Date Published: March 24, 2018
Author(s): Cecily G. Swinford, Shannon L. Risacher, Arnaud Charil, Adam J. Schwarz, Andrew J. Saykin.
•Both self– and informant memory concerns are associated with tau aggregation in at-risk adults.•Self-concerns are more associated with frontal tau compared to a parietal pattern for informant concerns.•This pattern is strongest in amyloid-positive participants.
Alzheimer’s disease (AD), the leading cause of neurodegenerative dementia associated with aging, affects over 5 million adults in the United States and is predicted to increase to 16 million affected by 2050 . There are presently no approved pharmacological treatments that can stop the progression of AD. Treatment is likely to be most effective during the preclinical or early prodromal stages of AD, before substantial permanent neurodegenerative and cognitive damage has occurred. Therefore, there has been considerable recent interest in measures to identify older adults at highest risk for progression to AD who may benefit most from early intervention , .

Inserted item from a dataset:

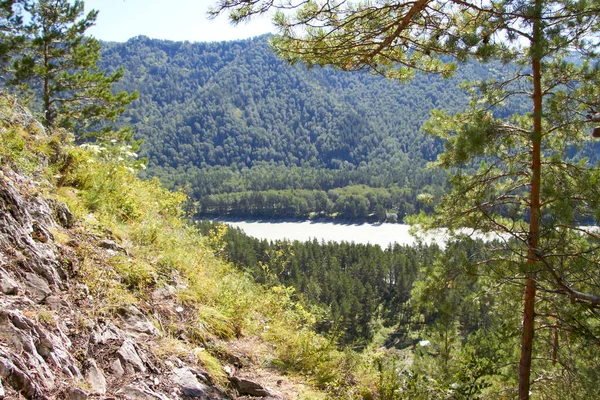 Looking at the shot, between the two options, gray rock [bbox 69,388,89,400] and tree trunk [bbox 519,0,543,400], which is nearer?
gray rock [bbox 69,388,89,400]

In this study, we found that self– and informant memory concerns are both correlated with tau aggregation in at-risk adults, but that the overall spatial patterns of associations differ between the two measures of subjective memory concern. We found that self– and informant ECog memory scores are only mildly correlated with one another in at-risk adults and are not correlated with one another in the subset of amyloid-positive adults, suggesting that the two measures of subjective memory complaints may be somewhat independent and provide complementary information. The results from our ROI-based analyses suggest that self-based memory complaints are most strongly associated with tau aggregation in the frontal lobes, whereas informant memory complaints are most strongly associated with tau aggregation in the parietal lobes. These differences in patterns of correlation were enhanced when only amyloid-positive participants were included, and significant source-by-region interactions were found in both the full analysis and the subanalysis of amyloid-positive individuals. There were no correlations found when only amyloid-negative participants were included, suggesting that the patterns of association found are specifically present in adults at higher risk for developing AD, which supports the idea that these subjective memory tools may be useful for optimizing screening techniques in the population of at-risk adults. In addition to our regional analyses, we evaluated the associations with voxelwise analyses to lessen the bias imposed by our predetermined ROIs. Although these analyses revealed regions of overlap between the correlations of tau aggregation with self– and informant memory concerns, they resulted in the same general patterns found with the ROI-based analyses. Specifically, both self– and informant memory concerns were associated with tau aggregation in the frontal and temporal lobes when all participants were included, while the informant memory concerns were also associated with tau aggregation in posterior brain regions, including the parietal and occipital lobes. When only amyloid-positive participants were included, the self-based memory concerns were significantly associated with tau aggregation in bilateral frontal lobes and the right temporal lobe, while the informant memory concerns were also correlated with tau burden in the left parietal lobe and bilateral occipital lobes.